Yoav opens up to the couple almost immediately, explaining that he emigrated from Israel as an act of protest against their increasingly right-wing policies. Indeed, the man is so committed to leaving behind his nationality that he insists on speaking only in French, a language he is still learning and speaks with the awkward cadence of an autodidact who has learned mostly by book, particularly a thesaurus from which he reads aloud synonyms for words he understands to springboard to others. This tends to result in him forging sentences out of a slew of adjectives, as when he explains his antipathy toward Israel to Emile by listing a string of vituperative adjectives to describe the nation’s evil, to which the Frenchman can only cooly respond, “No country is all that at once.” When he asks Caroline if he said a sentence correctly, she notes “grammatically, it’s correct,” acknowledging that his French isn’t wrong so much as it is excessively stuffy and alien to the cadences of actual conversation. His stiff, arrhythmic style of speech emphasizes his alienation from the country that he has decided to make his new home, a reminder that immigration is more than a matter of simply uprooting.
Further exacerbating the ironic indications of Yoav’s inability to assimilate is the fact that the only job he can get is working security for the Israeli embassy. Here the film dips into deadpan absurdism, confronting Yoav’s disdain for Israeli militarism with his own conditioned tendency toward aggression. When forced to speak Hebrew inside the embassy, he does so through clenched teeth. Yoav befriends Yaron (Uria Hayik), who is so proud of his nationality and ethnicity that he starts fights not only with neo-Nazis but even other Israelis, including using MMA holds on a colleague in the embassy as Yoav unexpectedly cheers on the violence. Yoav’s aggressive attempts to gain his French citizenship find him performing ridiculous tasks in immigrant classes, though the pressures of assimilation always contrast with his bravado, as when a scene of him loudly belting out “La Marseillaise” in a classroom mostly plays as an echo of an earlier scene of him suddenly groaning the Israeli national anthem on the subway.
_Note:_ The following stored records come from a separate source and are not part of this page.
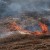 За минувшие сутки в регионе ликвидировано семь лесных пожаров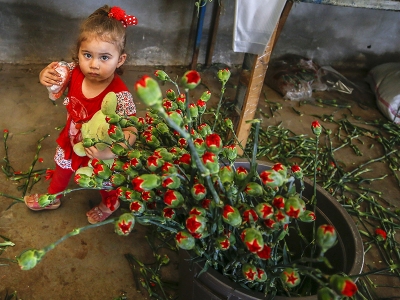 Anneler Günü için 45 milyon dal çiçek satıldı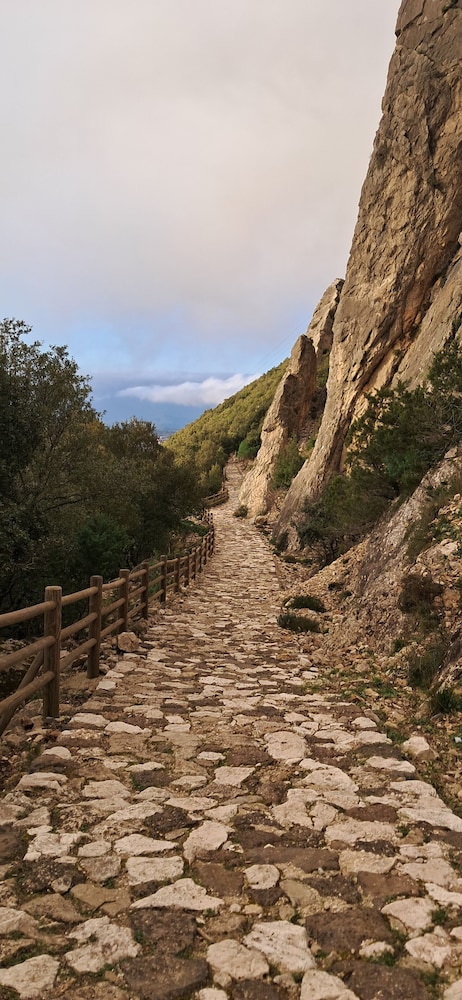 Hiking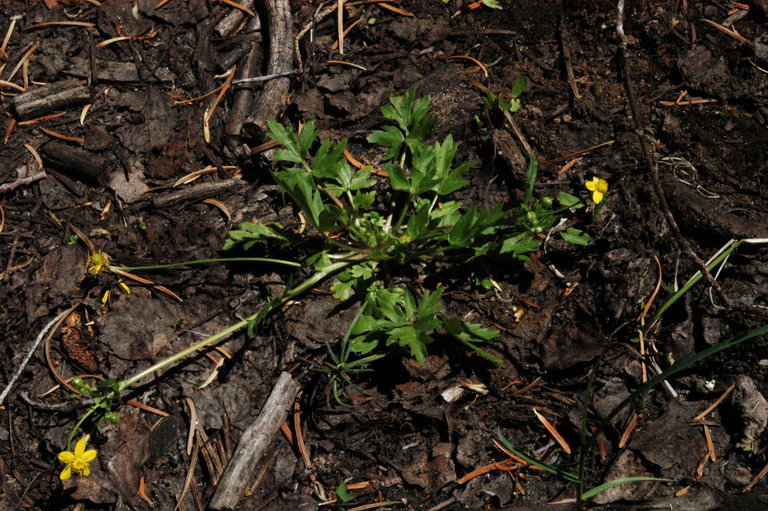 Imagem de Ranunculus occidentalis Nutt.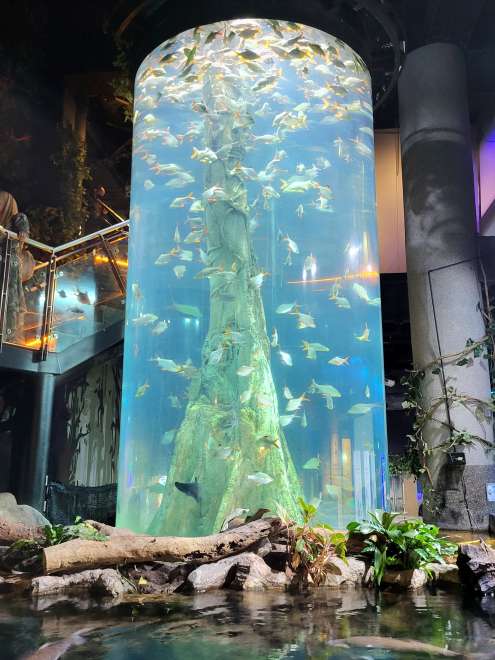 Cilindro gigante dell'acquario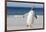 Gentoo Penguin Falkland Islands. Marching at evening to the colony.-Martin Zwick-Framed Photographic Print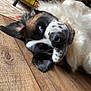 dog, lying_down, close_up, black_and_white, fur, wooden_floor, pet, indoor, relaxed, canine, animal, muzzle, ear, whiskers, snout, nose, sleepy, companion, domestic_animal, resting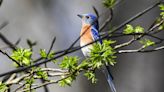 As North American bird counts decline, can we turn this around? A new book offers hope.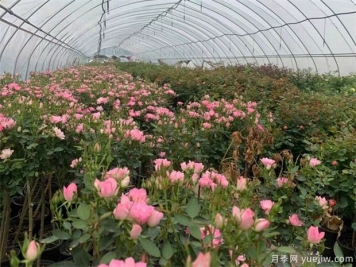 月季花葉子發(fā)黃的原因以及處理方法
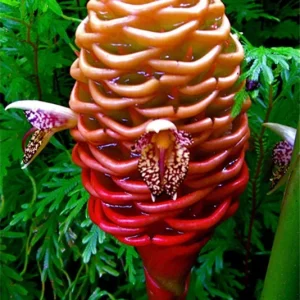 Beehive Ginger Rhizome Live Plant - Zingiber Spectabile Tropical Flower - Image 3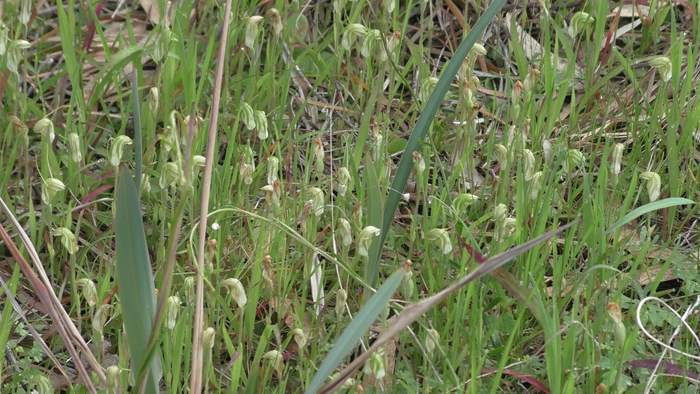 Pterostylis - Orchid-Snail--Sep-2018p0001.JPG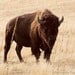 Wild Life Photography Print Brown Buffalo Bison Animal Wall Art Home Decor 8x10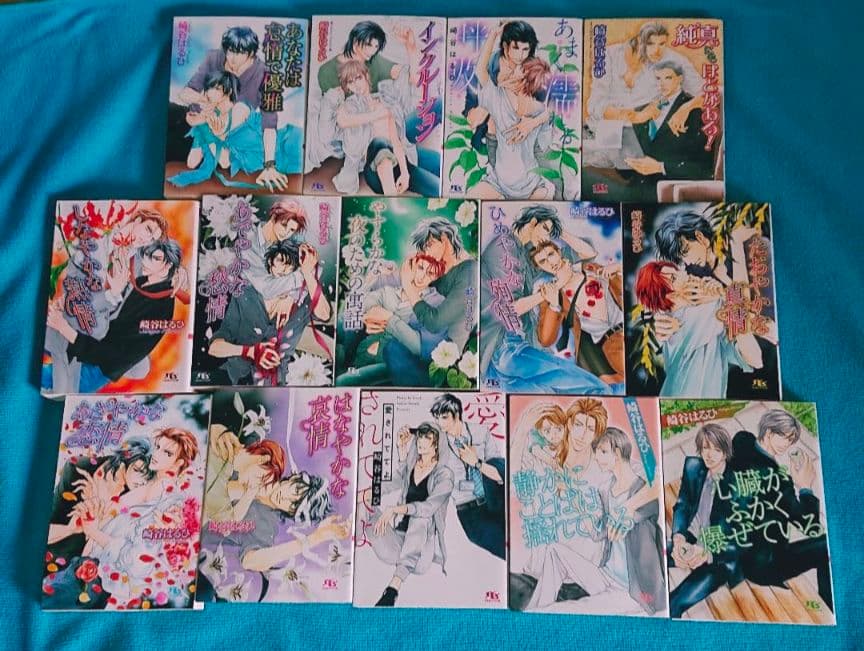 BL文庫 ボーイズラブ まとめ売り　60冊　崎谷はるひ　入手困難　秘蔵　絶版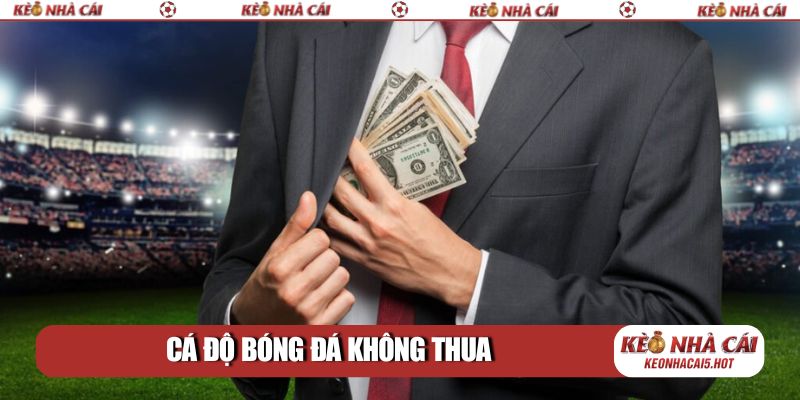 Cá độ bóng đá không thua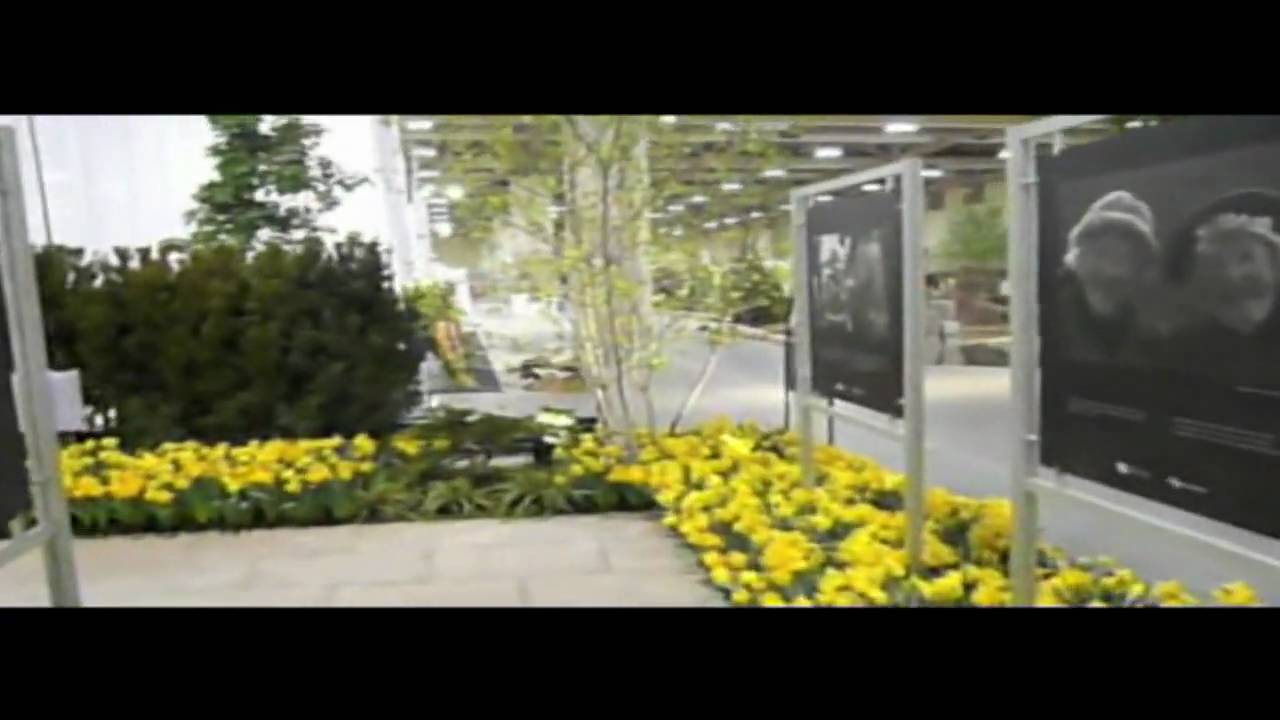 Canada Blooms Daffodil Garden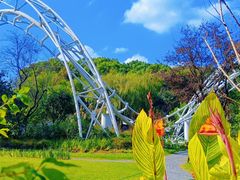 -上海共青森林公园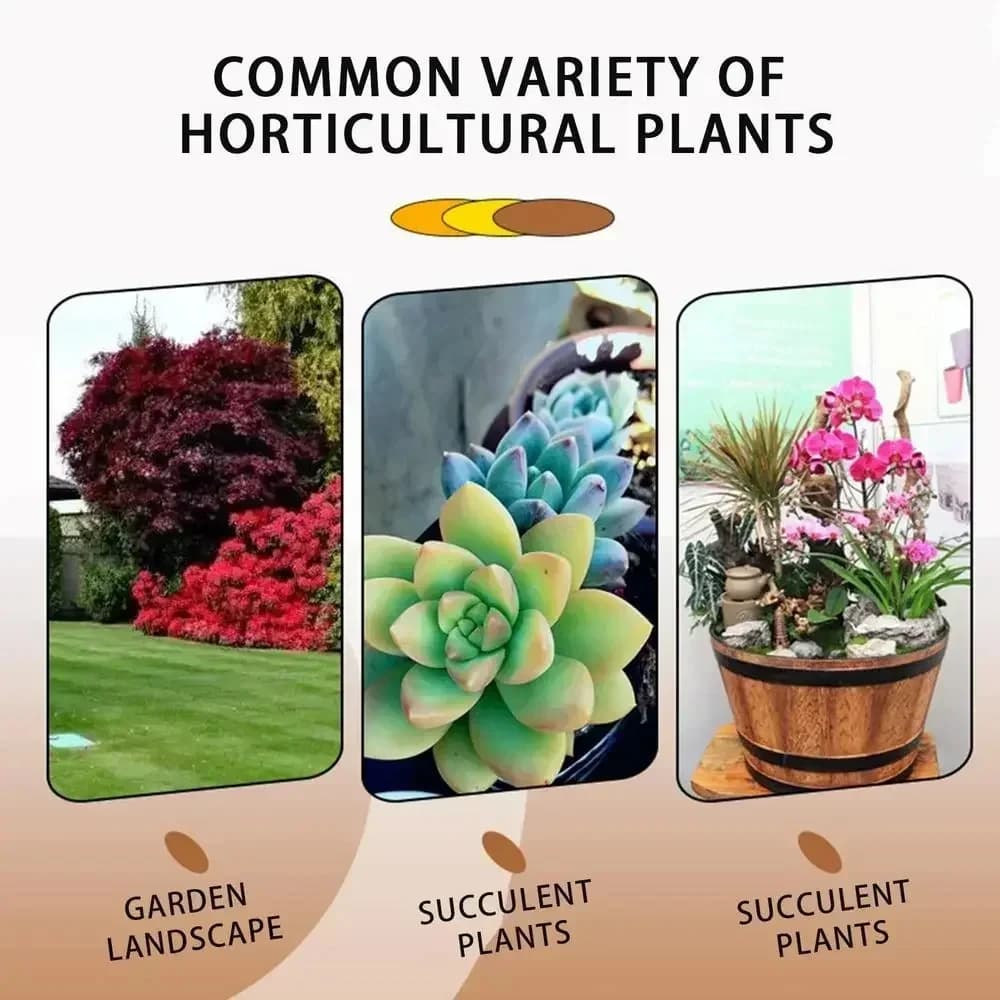 Stimulateur d'enracinement rapide pour plantes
In such moments, Synonyms brims with all the muted rage and anxiety of strident self-displacement, a gallows comedy about an act of willful diaspora. The film’s willingness to make Yoav such an insufferable narcissist complicates the often po-faced severity of immigrant narratives; in one scene he even refuses to speak Hebrew on a Skype call to a relative back home who cannot understand French. Yet the film does falter in places, most notably in its characterization of Caroline, initially a key foil for the eimgré who calls out his solipsism but eventually becomes little more than an erotic tease for the protagonist; Emile confides to Yoav that his wife used to be a “slut,” and Lapid seems all too willing to endorse this view. Synonyms visits various humiliations upon its protagonist, from demeaning model shoots to the inescapability of his IDF past, but the more meaningless and staid condescension it doles out to Caroline weakens the film’s final act. The film recovers only in its final moments, a brutal depiction of brutal vulnerability and fear that slices through the mordant comedy to end on a note of pure existential despair.